• _TASK OBJECTIVE_: In your copy, reproduce each entry exactly and include no picture.

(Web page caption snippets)

++++++++++++++++++++

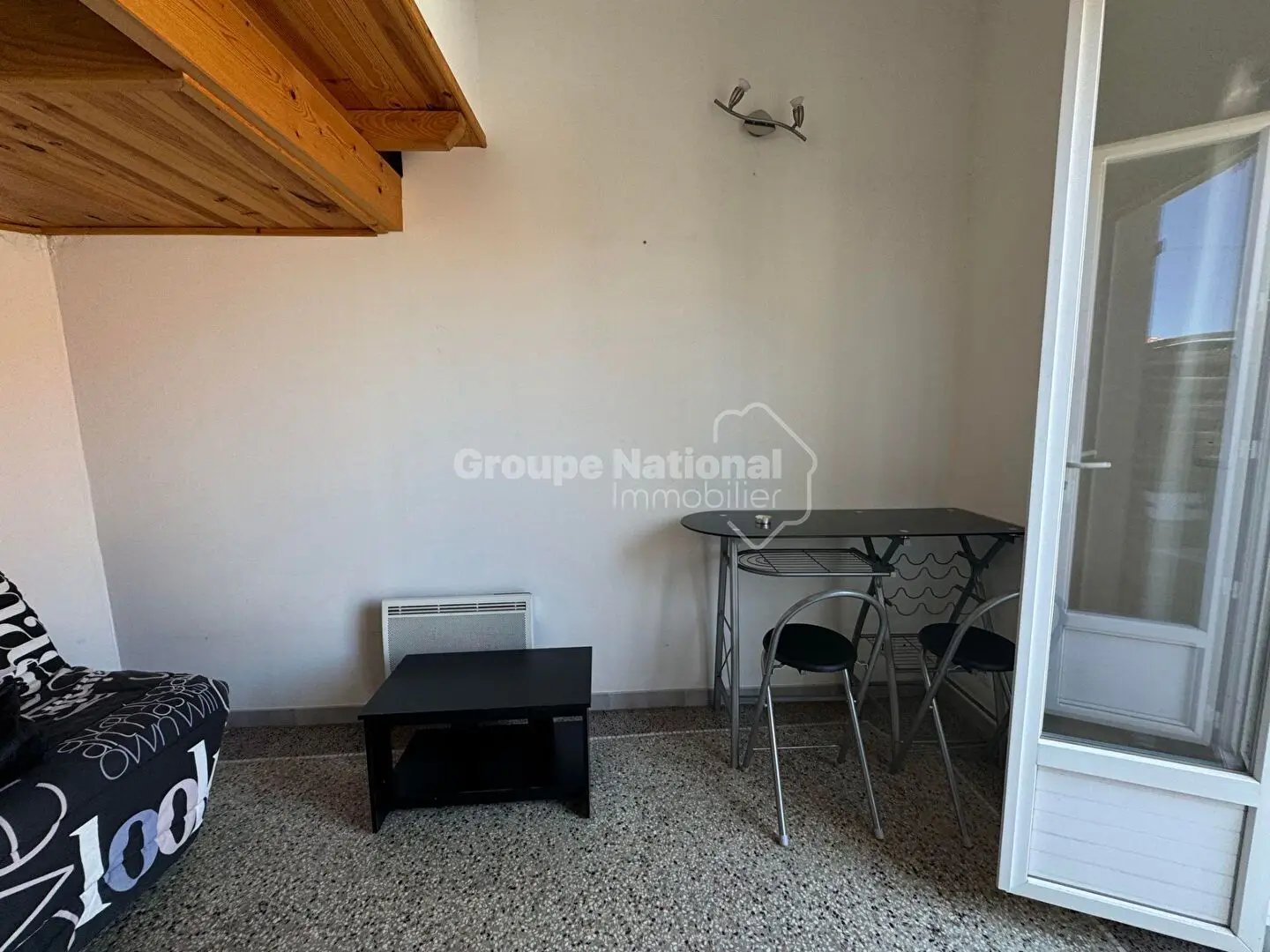 Appartement à louer, 17m², Arles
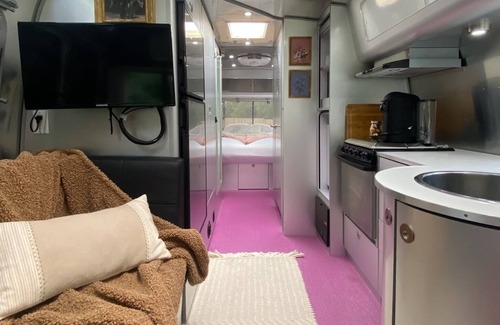 Ennis RV Rental | The Range Vintage Trailer Resort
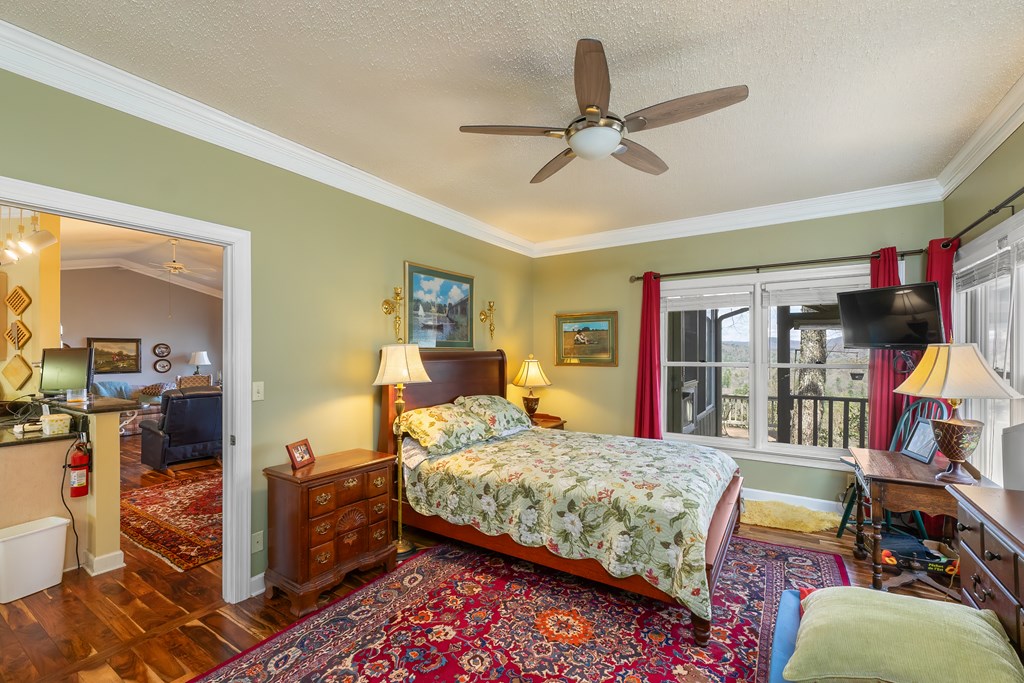 229 LUCERNE DR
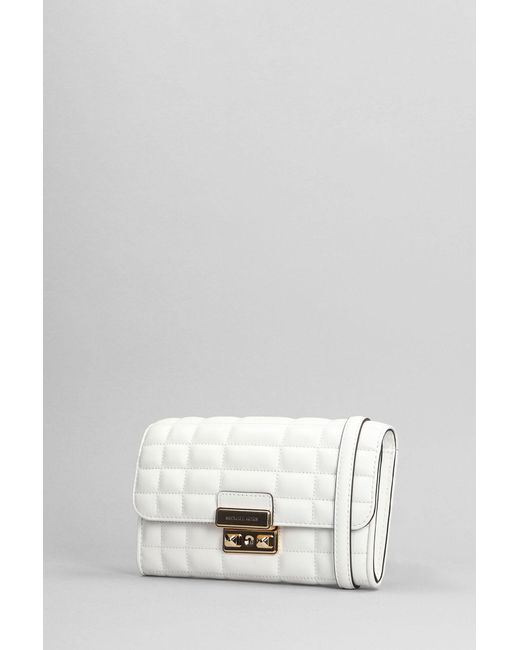 Borsa a spalla Tribeca in Pelle Bianca di Michael Kors in White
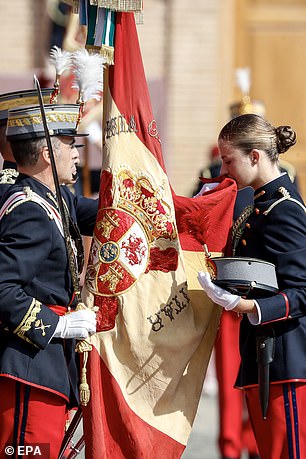 According to tradition, the ceremony saw Leonor kiss the Spanish flag after swearing allegiance to her king.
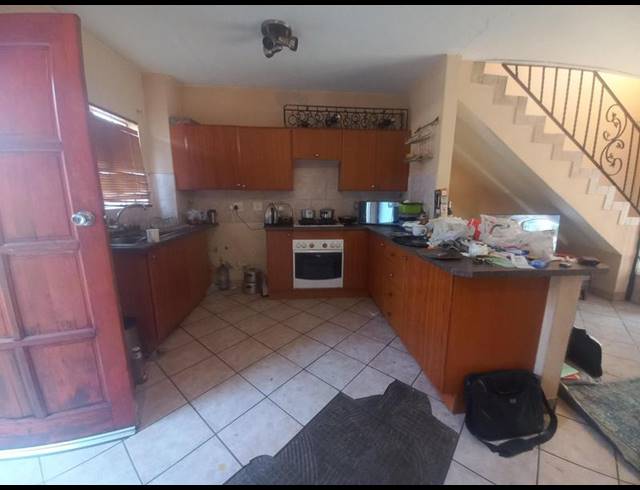 2 BEDROOM DUPLEX FOR SALE IN GARSFONTEIN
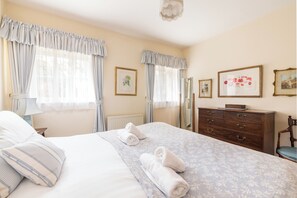 1 bedroom, iron/ironing board, WiFi - Unique cosy cottage with stunning gardens & private front door (Mussleburgh)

++++++++++++++++++++

• _EXERCISE SOLUTION_:
 Appartement à louer, 17m², Arles
 Ennis RV Rental | The Range Vintage Trailer Resort
 229 LUCERNE DR
 Borsa a spalla Tribeca in Pelle Bianca di Michael Kors in White
 According to tradition, the ceremony saw Leonor kiss the Spanish flag after swearing allegiance to her king.
 2 BEDROOM DUPLEX FOR SALE IN GARSFONTEIN
 1 bedroom, iron/ironing board, WiFi - Unique cosy cottage with stunning gardens & private front door (Mussleburgh)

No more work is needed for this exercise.